---- RECORDS PROVIDED

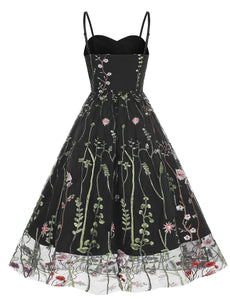 Wine Red Semi Mesh Flower Embroidered Spaghetti Strap Sleeveless 50S Swing Dress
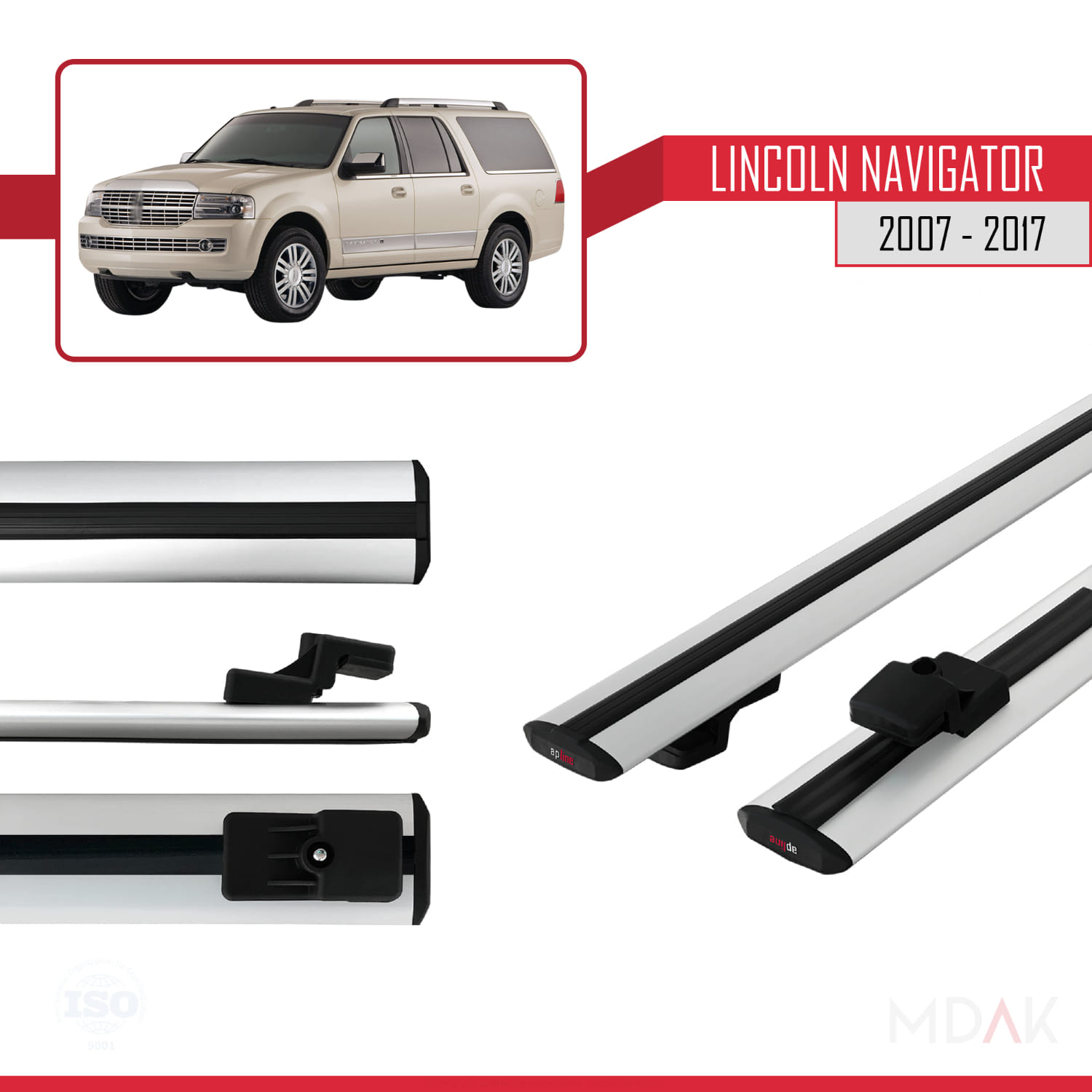 Lincoln Navigator 2007-2017 Arası ile Uyumlu BASIC Model Ara Atkı Tavan Barı Gri 2 Adet - Görsel 3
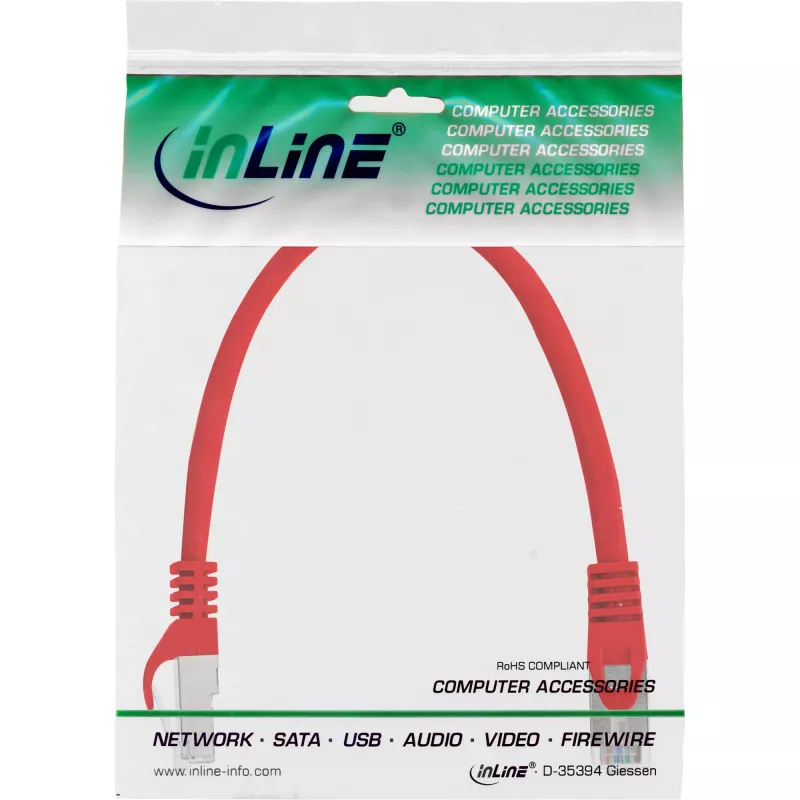 InLine patchkabel SF/UTP Cat.5e rood 0,25 m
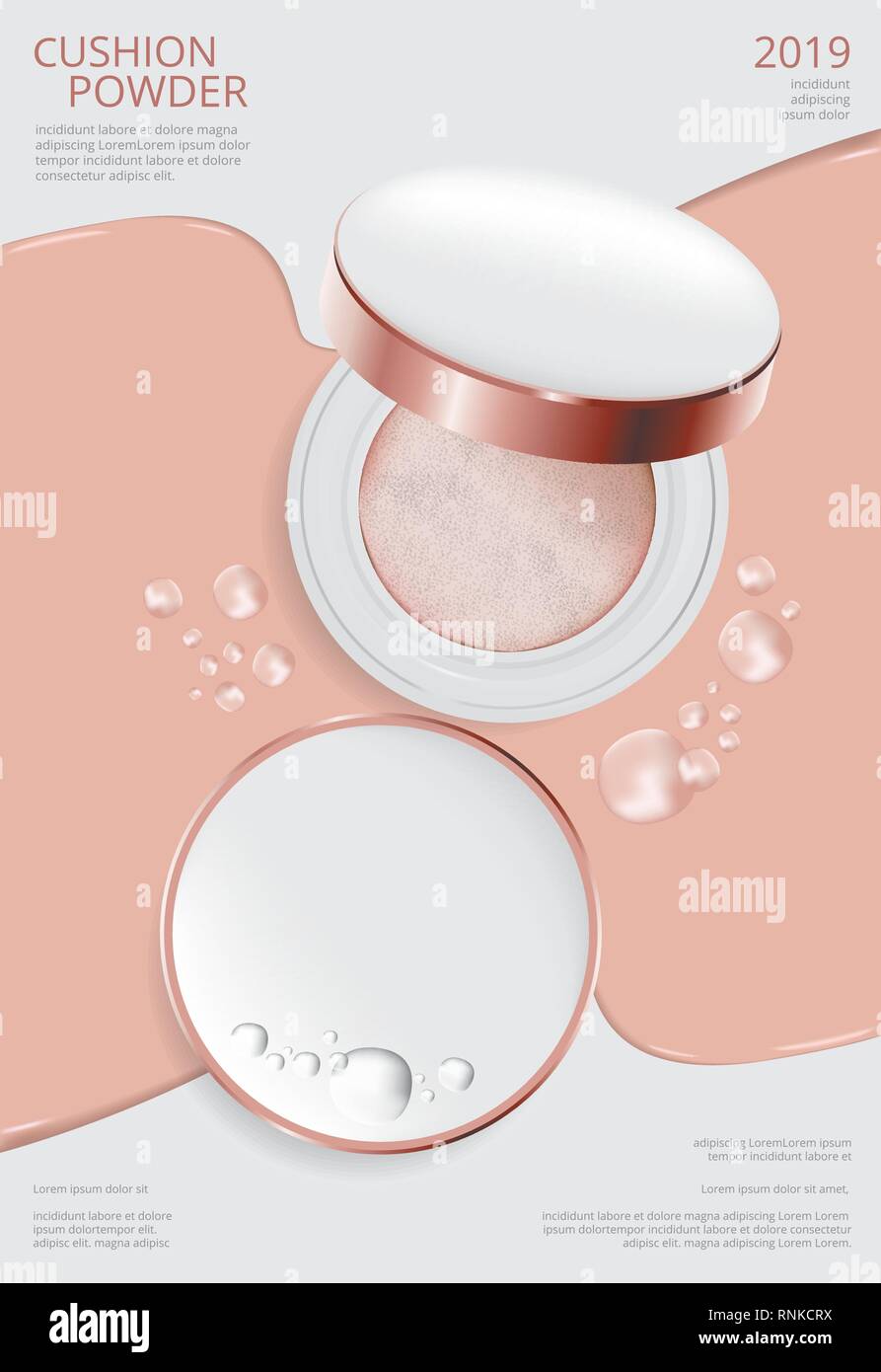 Makeup Powder Cushion Poster Template Vector Illustration Stock Vector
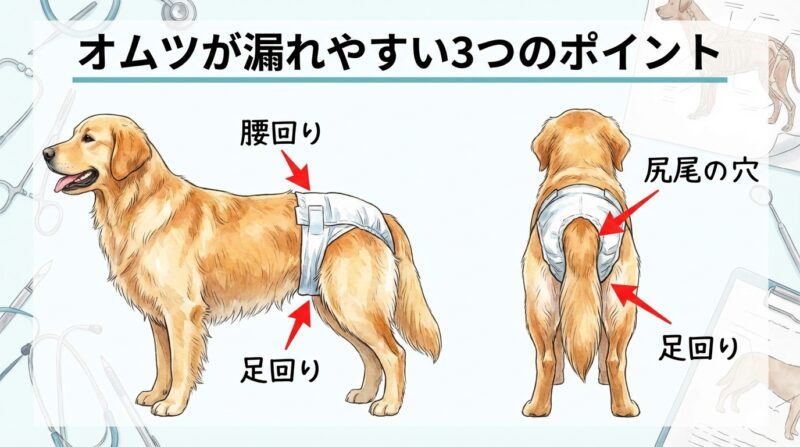 犬用オムツで漏れやすい箇所の図解
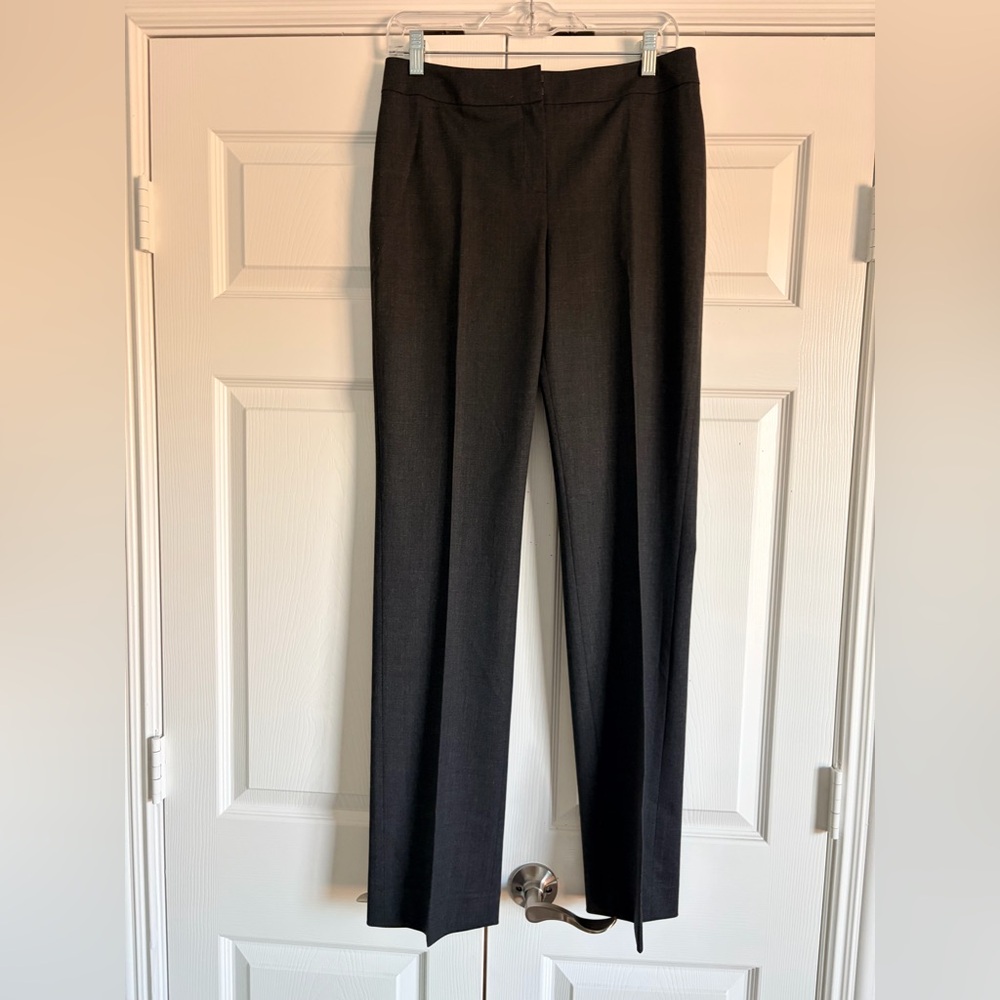 Lafayette 148 New York Charcoal Straight-Leg Dress Trousers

--------

ASSIGNMENT: Please give back all the records above word for word, with no pictures included.

RESULT FOR THIS EXERCISE:
 Wine Red Semi Mesh Flower Embroidered Spaghetti Strap Sleeveless 50S Swing Dress
 Lincoln Navigator 2007-2017 Arası ile Uyumlu BASIC Model Ara Atkı Tavan Barı Gri 2 Adet - Görsel 3
 InLine patchkabel SF/UTP Cat.5e rood 0,25 m
 Makeup Powder Cushion Poster Template Vector Illustration Stock Vector
 犬用オムツで漏れやすい箇所の図解
 Lafayette 148 New York Charcoal Straight-Leg Dress Trousers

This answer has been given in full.